- Problem statement
Look through the material below. Return exactly the lines from the one with "Hansen Family Photos 2026-6.jpg" through the one with "Fjällräven Abisko Dome 3, teltta – kuva 6/8", both included.
---------- Data for review
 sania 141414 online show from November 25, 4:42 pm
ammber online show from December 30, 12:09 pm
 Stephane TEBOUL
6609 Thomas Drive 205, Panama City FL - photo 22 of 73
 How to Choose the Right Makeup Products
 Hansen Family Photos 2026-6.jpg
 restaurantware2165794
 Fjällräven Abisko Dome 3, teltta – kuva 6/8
--------------------
---------- Data for review
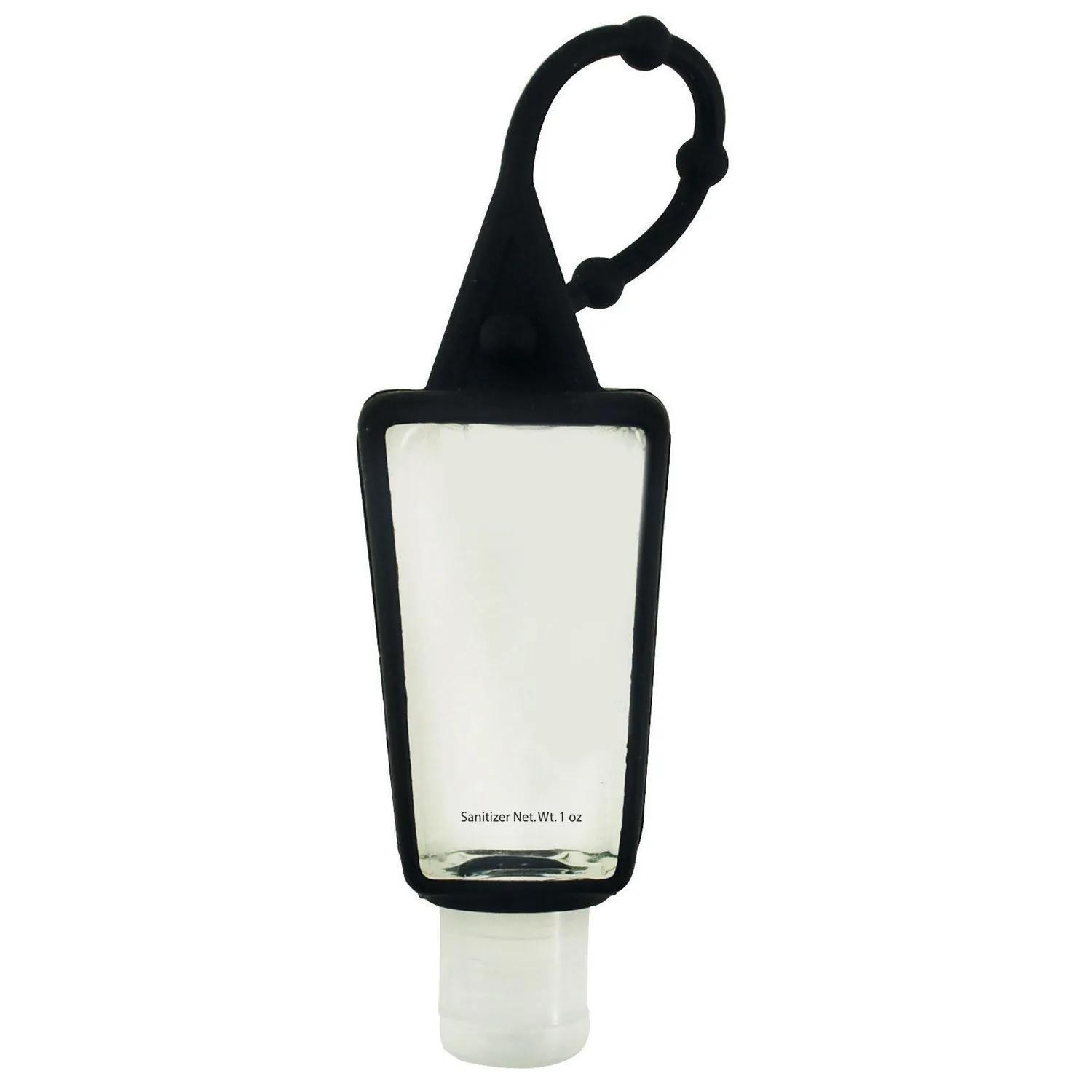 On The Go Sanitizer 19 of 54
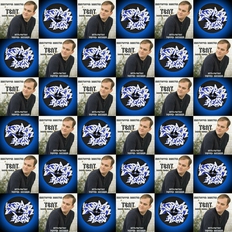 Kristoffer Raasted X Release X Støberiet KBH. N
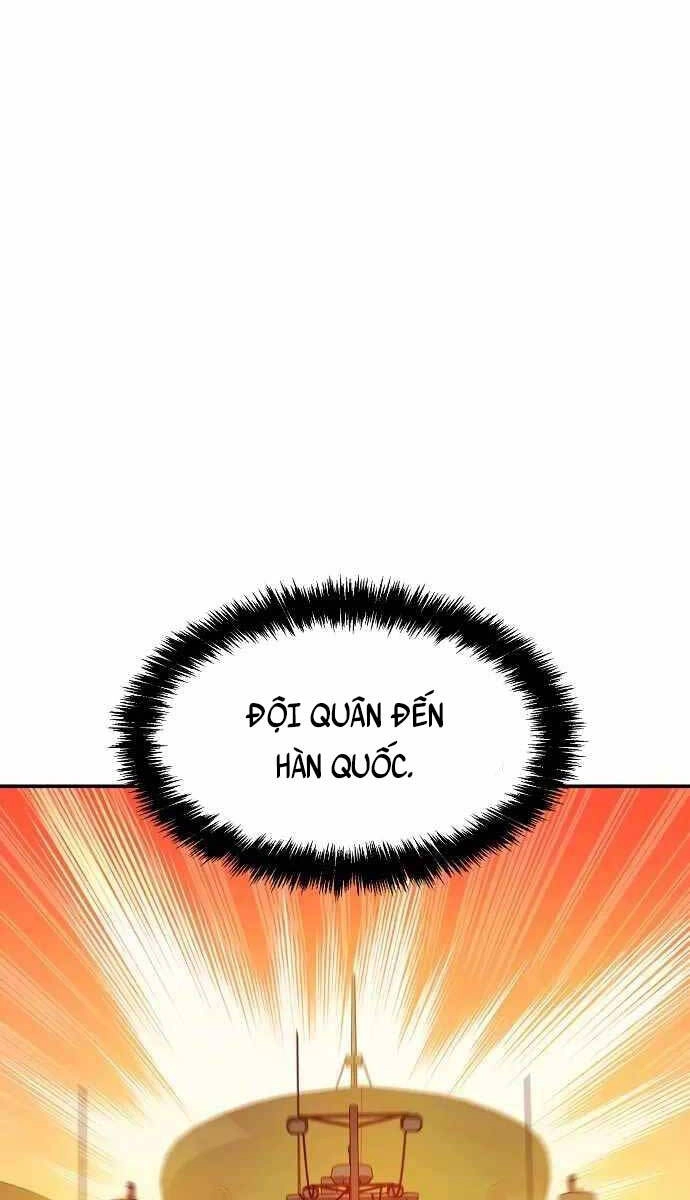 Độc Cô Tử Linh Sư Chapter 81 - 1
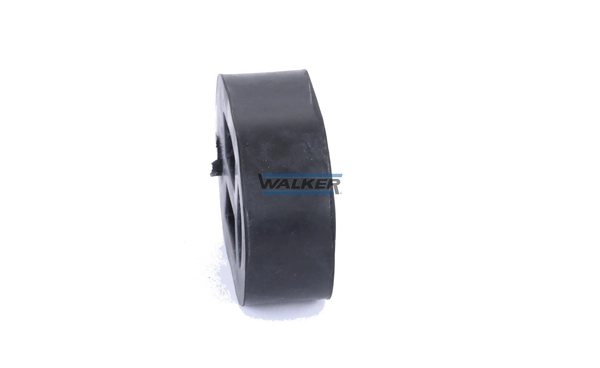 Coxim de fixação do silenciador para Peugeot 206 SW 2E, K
--------------------
---------- Data for review
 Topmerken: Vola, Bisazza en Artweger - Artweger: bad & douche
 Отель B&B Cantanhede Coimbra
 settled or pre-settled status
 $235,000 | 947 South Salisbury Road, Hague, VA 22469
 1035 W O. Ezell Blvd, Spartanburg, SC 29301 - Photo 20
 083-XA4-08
--------------------
- Answer to the exercise
 Hansen Family Photos 2026-6.jpg
 restaurantware2165794
 Fjällräven Abisko Dome 3, teltta – kuva 6/8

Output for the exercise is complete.